526 N.E.2d 910, 172 Ill. App. 3d 668, 122 Ill. Dec. 517

Appeal from the Circuit Court of Hamilton County; the Hon. David L. Underwood, Judge, presiding. 1988.IL.1098


KARNS, Harrison, and Calvo


Defendant, Randy Troutt, was charged by information in the circuit court of Jefferson County with home invasion, attempted home invasion, residential burglary, armed violence, attempted murder, and unlawful use of weapons. The cause was subsequently transferred to Hamilton County on defendant's request that venue be transferred. After a trial by jury, Troutt was found guilty on all counts. The trial court vacated the verdicts of attempted home invasion, residential burglary, and attempted murder, and entered judgment of the verdicts of home invasion, armed violence and unlawful use of weapons. Troutt was sentenced to two 15-year terms for home invasion and armed violence and 364 days on the unlawful use of weapons charge, with all sentences to run concurrently. Troutt appeals the judgments and the sentences imposed thereon.

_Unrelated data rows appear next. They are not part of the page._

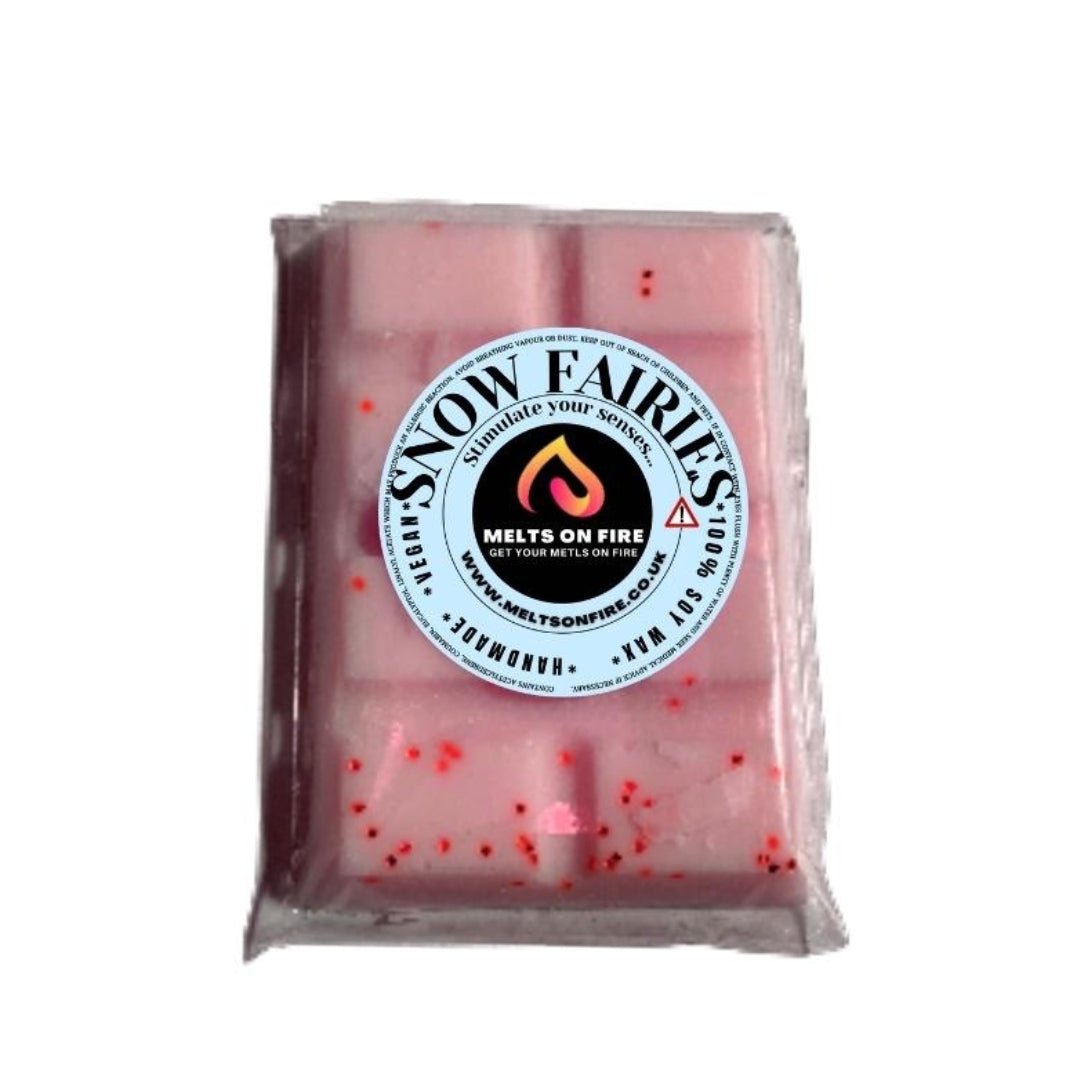 Wax Melts – 4 X Snap Bars - (Snow Fairy,Flower Explosion,Rosey Wonderland,straberries & lilly ) – Scented Soy Wax Melts Vegan - Meltsonfire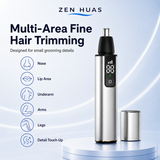 Rechargeable Electric Nose Hair Trimmer with LED Digital Display, 360 Degree Head and Type-C Fast Charging - product detail 7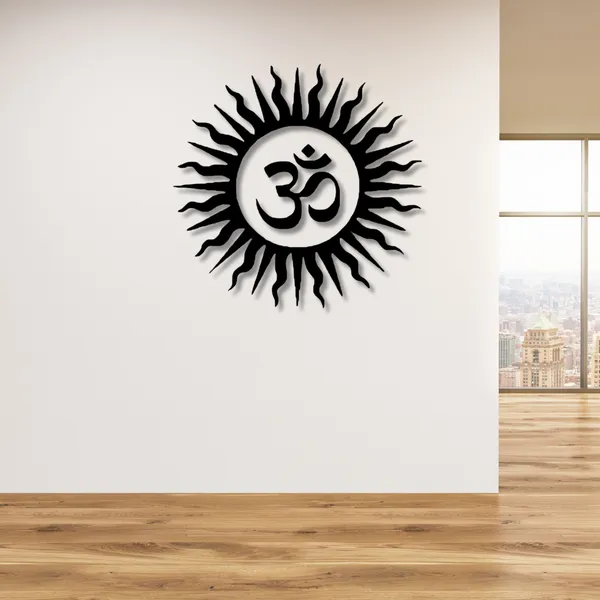 Wooden_Wall_Art_for_Home_Decoration__|_Om_Vibrant__|_Black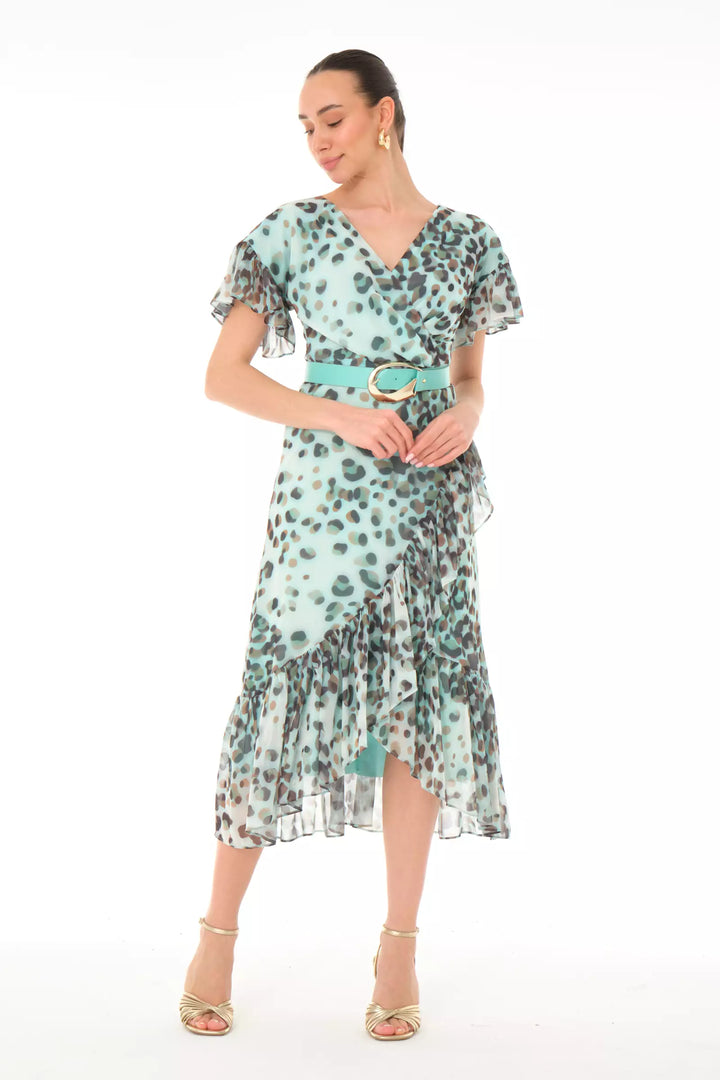FRV Printed chiffon sleeveless midi dress - Norwich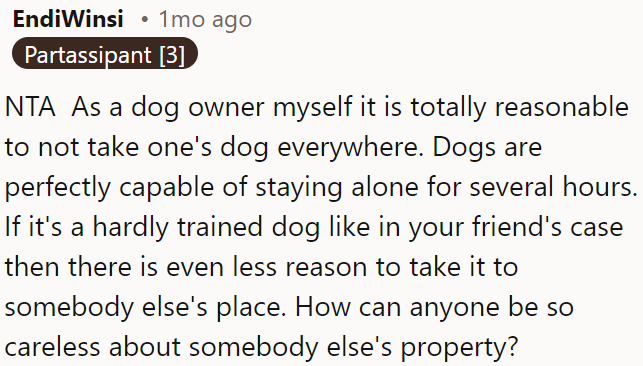 It's careless to disregard someone else's property like that.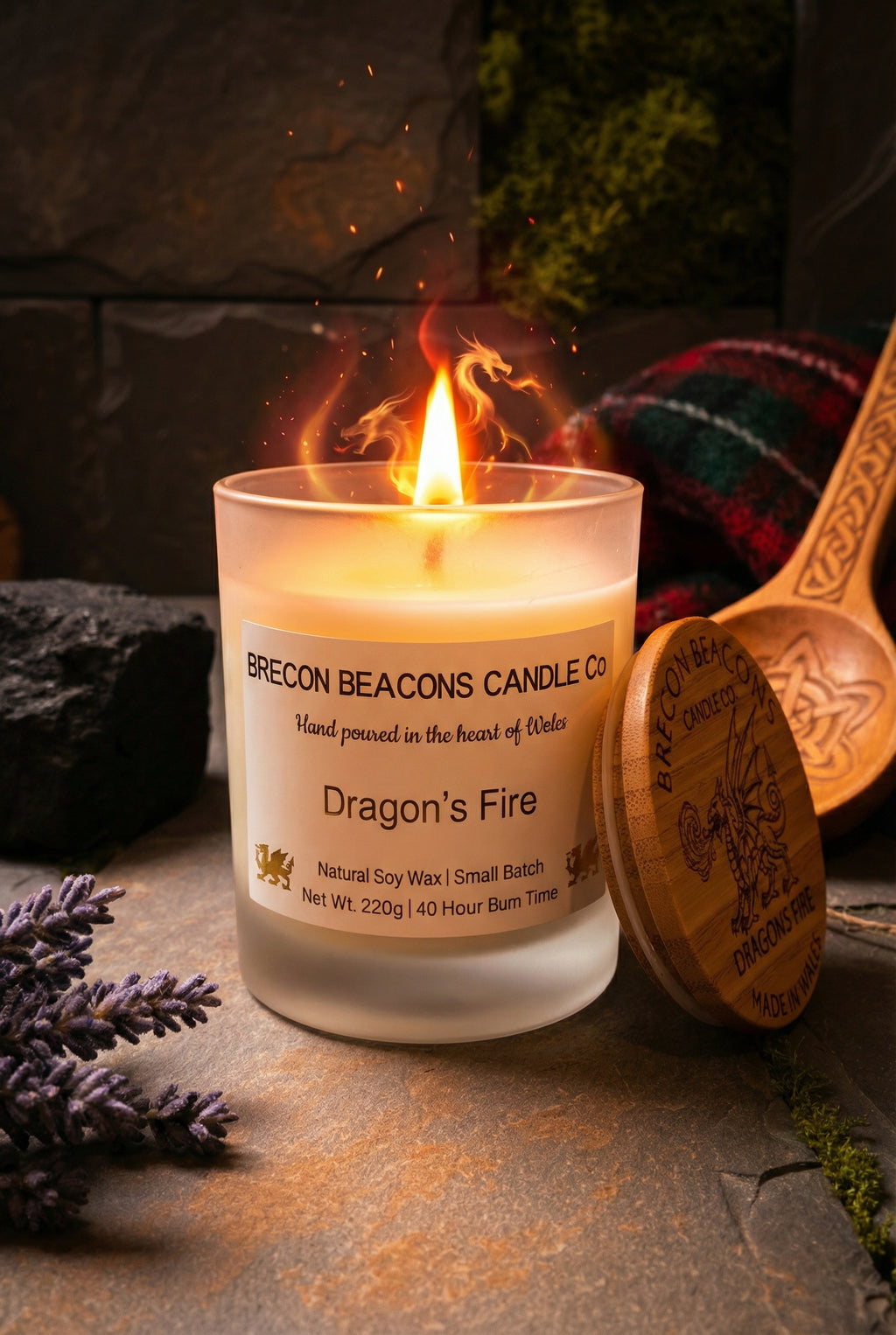 Dragon's Fire Candle | Brecon Beacons Candle Co.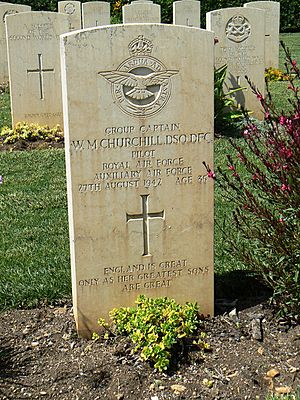 W M Churchill grave 1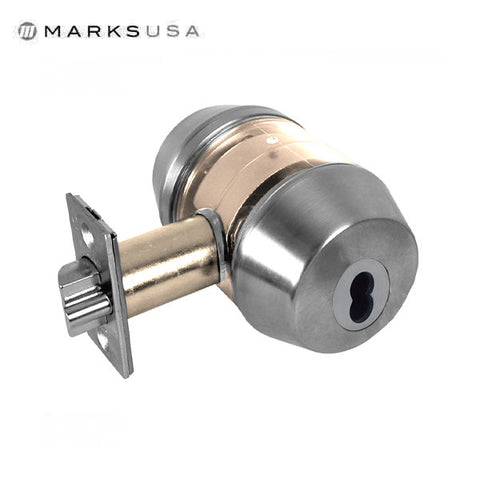 Marks USA -145RM - Commercial Deadlatch - SFIC - Dbl Cylinder- 2 3/4" Backset - 32D - Satin Stainless - Grade 1 - UHS Hardware
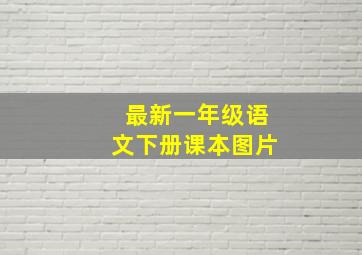 最新一年级语文下册课本图片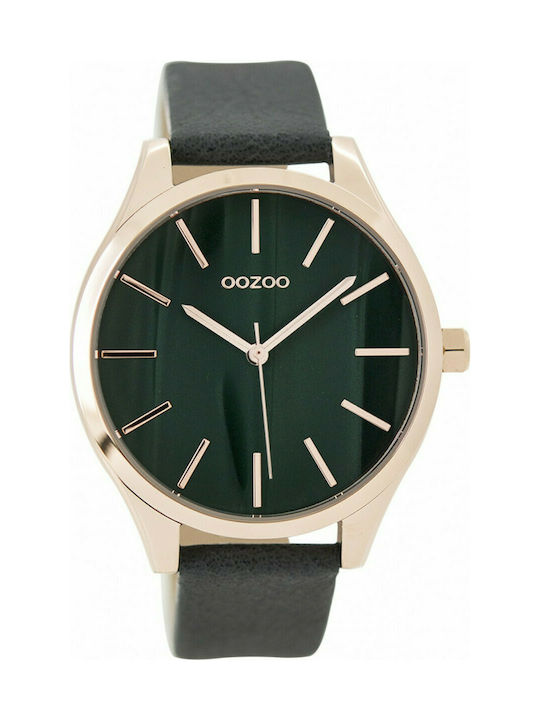 Oozoo Timepieces Watch with Blue Leather Strap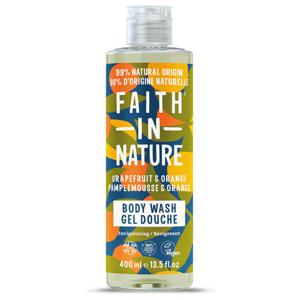 Faith in Nature Body Wash Grapefruit & Orange 400 ml produkt bild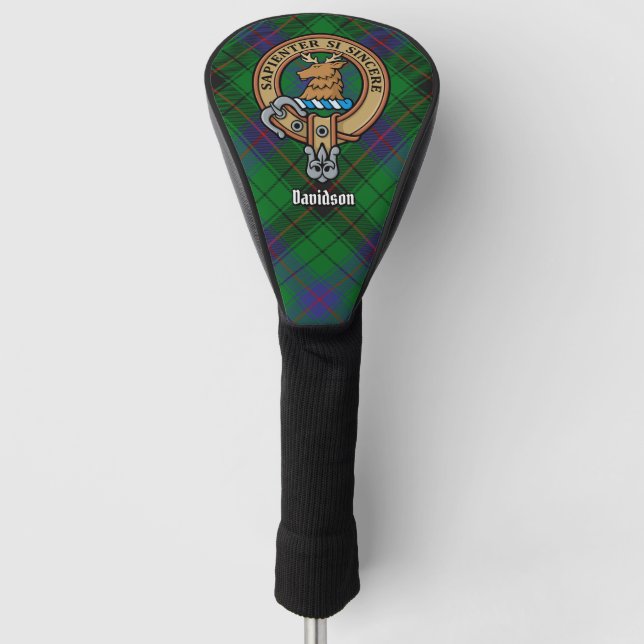 Funda Para Palo De Golf Clan Davidson Escudo sobre Tartán (Anverso)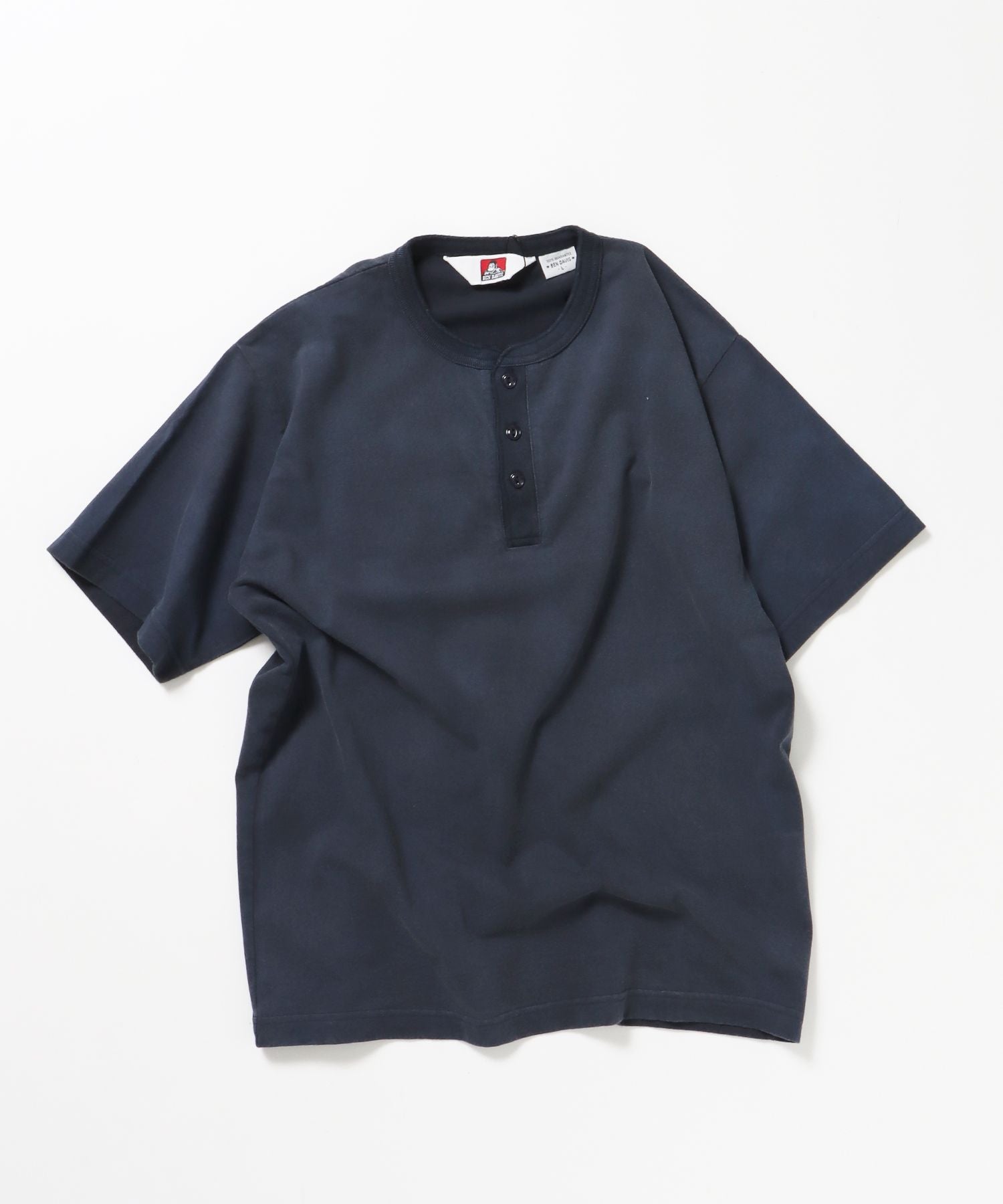 【BEN DAVIS(ベンデイビス)】CLASSIC S/S HENLEY ネイビー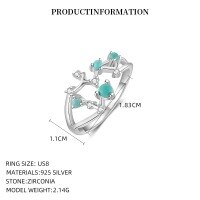 wholesale S925 Sterling Silver Zodiac Birthstone Ring for Women, New Fashion Minimalist Design-K2409_Sagittarius_Mideo 8 925 silver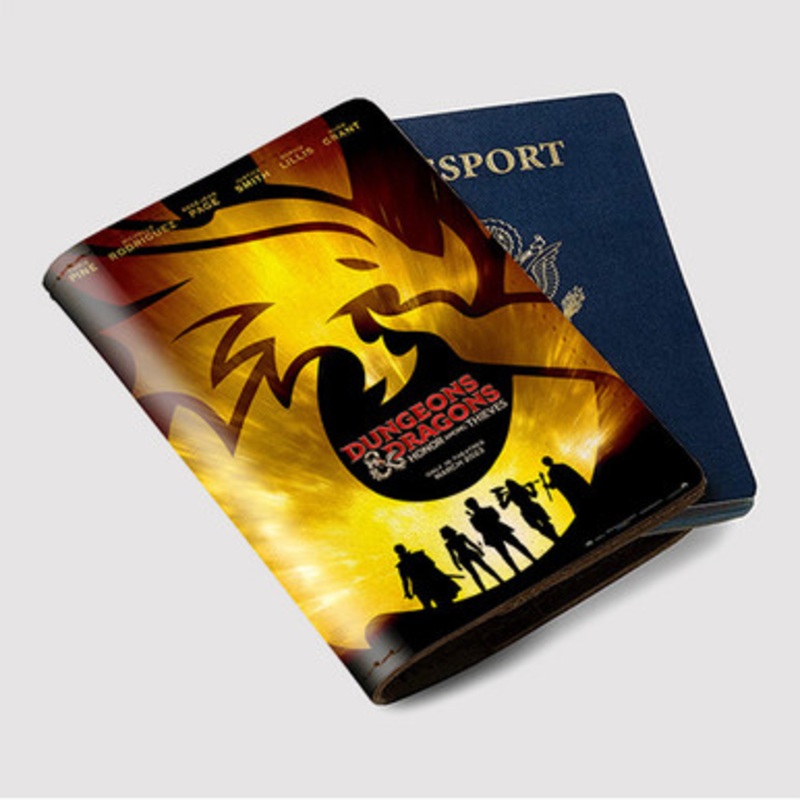 Pastele Dungeons Dragons Honor Among Thieves Custom Passport Wallet Case With Credit Card Holder Awesome Personalized PU Leather Travel Trip Vacation Baggage Cover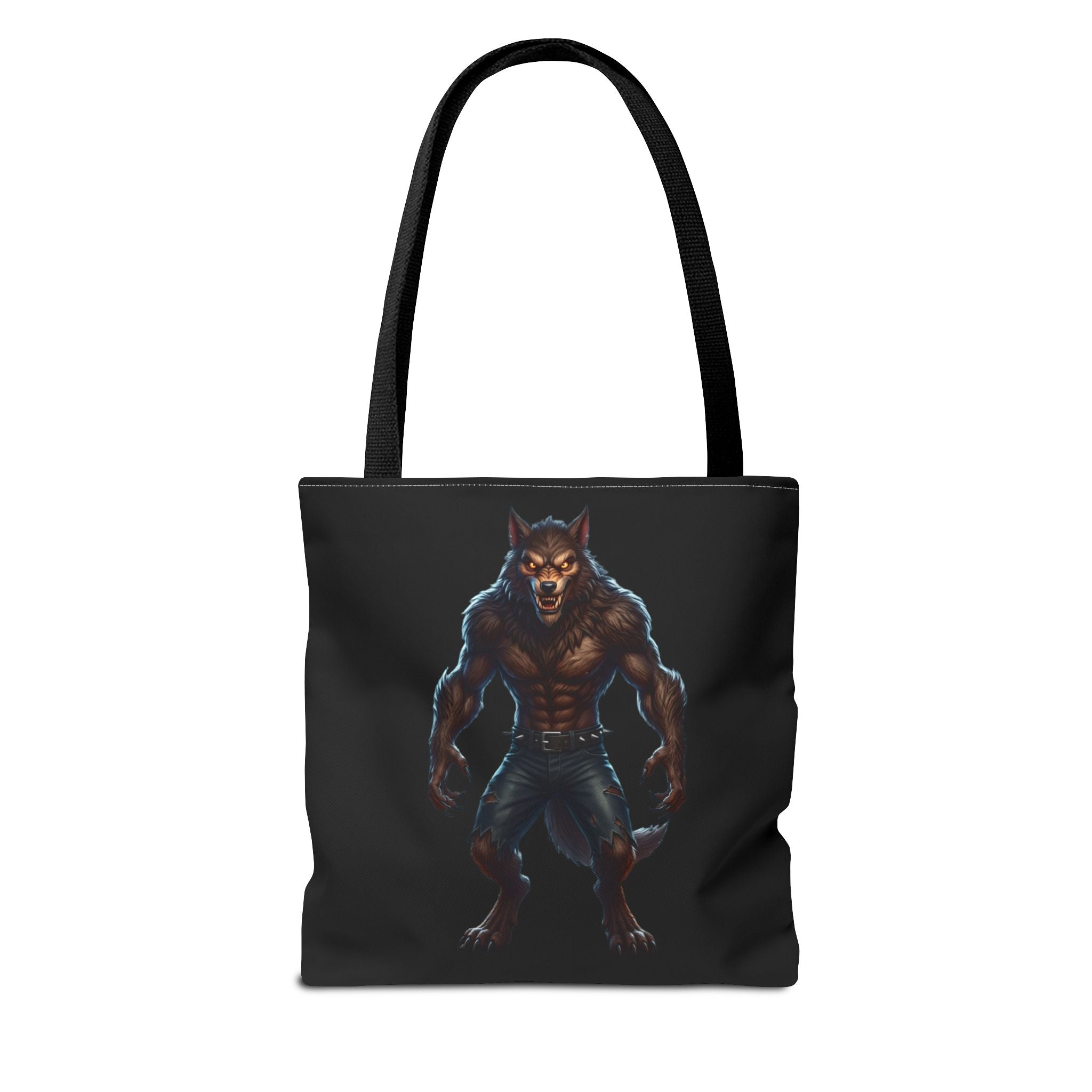 Werewolf Tote Bag — Dark Fantasy Creature Shopper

The charges arose from conduct occurring on March 25, 1986. On that date, Troutt was observed standing on the side of Highway 37 in Mt. Vernon, Illinois, swinging a machete at passing cars. Troutt next began swinging at a small dog, whereupon the dog's owner, Theresa Severs, shouted to him to stop. Troutt then advanced to the front door of the Severs residence and began striking the door and shouting, "I'll kill you." Finally, Troutt moved to a window near the door, broke out the glass and continued striking the window frame. According to the testimony of several witnesses, Troutt placed his arm through the window as if to pull himself through and was thereupon shot and wounded by Mr. Severs. Troutt also testified that on the day of the incident he had "gotten high" on cocaine and PCP (phencyclidine).

Troutt's first argument on appeal is that the trial court erred in removing his court-appointed counsel. Special public defender Charles Stowe had been appointed to represent Troutt, but was removed when the trial court learned that a potential conflict of interest might have existed between Stowe's representation of Troutt and his representation of a defendant in another case, People v. Odle. The assistant State's Attorney informed the court that during the voir dire in People v. Odle, Stowe stated that Odle was under the influence of LSD on the date of the offenses for which he was charged. At that time, Stowe also implied to the trial court that Troutt was a drug dealer, that he may have supplied Odle with LSD, and that Troutt told him this after he had been appointed to represent Troutt. The assistant State's Attorney further stated that Troutt had been subpoenaed in the Odle case and that Troutt had sent a letter to the State's Attorney's office raising a question of whether a conflict of interest existed. Despite Troutt's indication that he wished Stowe to continue to represent him, the trial court ruled that there was a conflict of interest and replaced Stowe as Troutt's attorney.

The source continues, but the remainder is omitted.